Friday 15 January 2016

19. Phnom Penh, parte the laste: The Palace

I spent  the last few days in Phnom Penh taking in some of the sights like the history museum and doing some less interesting things like visiting another gym (as it had been a while since doing anything active) and going to a big mall to grab some bits and pieces.

All to quickly it was the day before we were to head on to Sihanoukville. That evening to celebrate Pat and I decided to consume a titanic volume of beer in various establishments along the river front. Once that mission was complete we headed home. On the way back we once again passed the kings palace. This time nobody was there, as opposed to the last time when numerous locals were camped out in front. The only person I could see was one guard asleep in a hammock near the entrance. If anyone wanted to attempt a coup of the monarchy, I thought aloud, then that night would have been an excellent time.

The palace was a bit of a magnet for moths


We passed the guard and came to a point where the wall was slightly lower than at other points. Our keen sense of exploration, combined with our inebriation slightly trumped our newfound reverence for Cambodian culture. I decided to pull myself up onto the wall to take a look into the ground of the palace.It was quite dark and I couldn't really see anything, so decided to get back down before I upset anybody.
We decided that this was successful proof that invading the country would be a cinch I hope that nobody learns of our drunken and abortive attempt to invade the country. I think the safest way to do that is to write about it here on the internet.

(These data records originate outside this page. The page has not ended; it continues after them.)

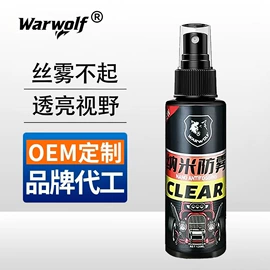 清洗/养护剂;车釉车漆镀膜;车蜡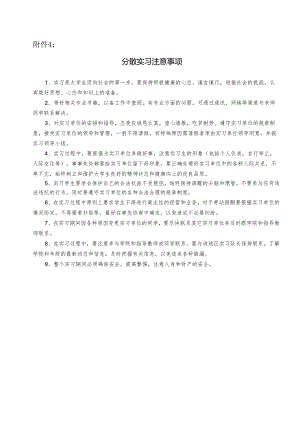 附件3：云南民族大学学生分散实习任务书、申报表.docx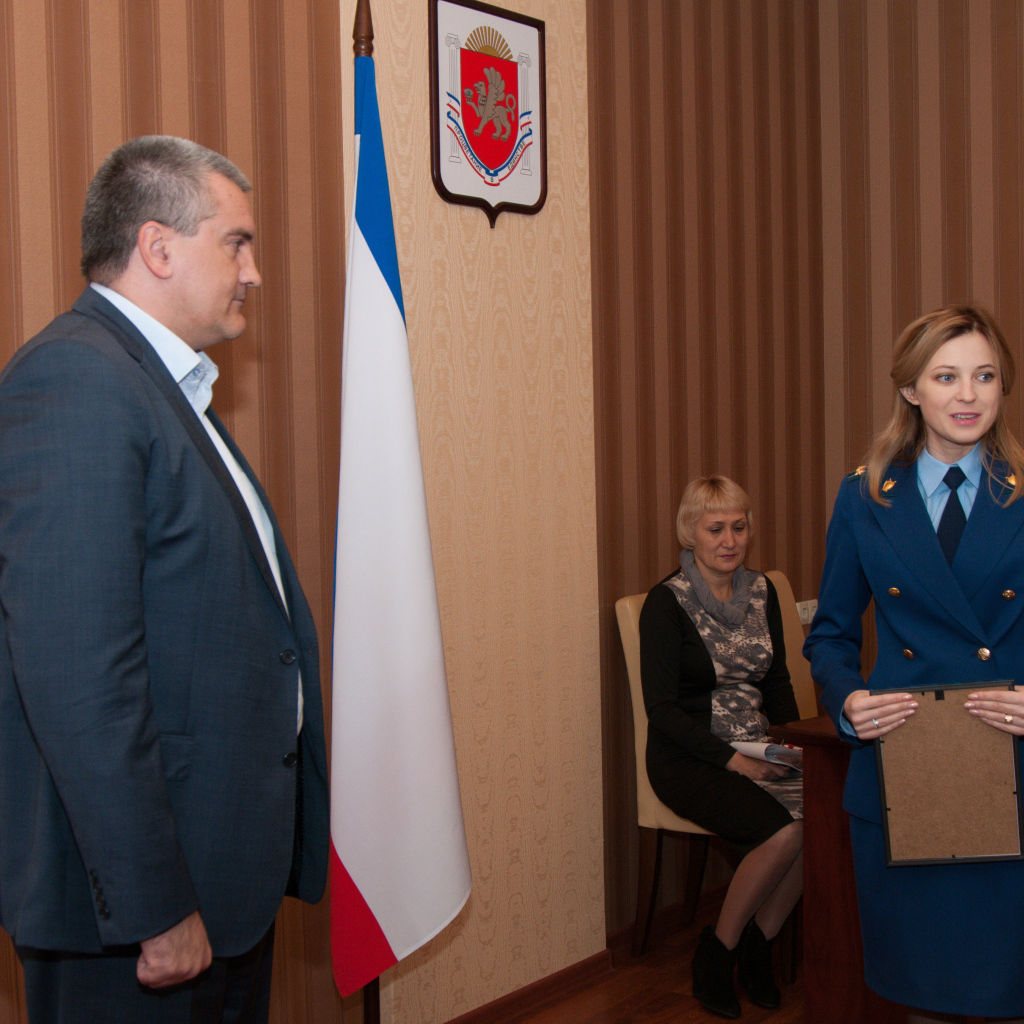 Наталья Поклонская вступает в должность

The ok guesthouse turned out to actually be not just ok, but pretty good. All of the staff were great and there was a lot of rapport.
For example one day one of the staff said to me,
"Hey, you got a problem with me, man?". appearing to square up for a fight,
I wasn't sure if he was joking, so a little uncertainly I assumed he was and replied "Yeah, I've got a problem with you"
He was joking, and proceeded to cheerfully box my midriff. I suppose in retrospect that we did appear to be big fans of Khmer boxing, as it was the first thing we went to see when getting to town. So it became a running joke between me and him. Every time we met there was another pretend outrage that we needed to square off about.

All too quickly the day of departure came about. It was with a little regret that we had to leave because I had very much enjoyed my time in the Cambodian capital. A minibus that we had booked rolled up to the guesthouse and we clambered aboard and headed off for Sihanoukville.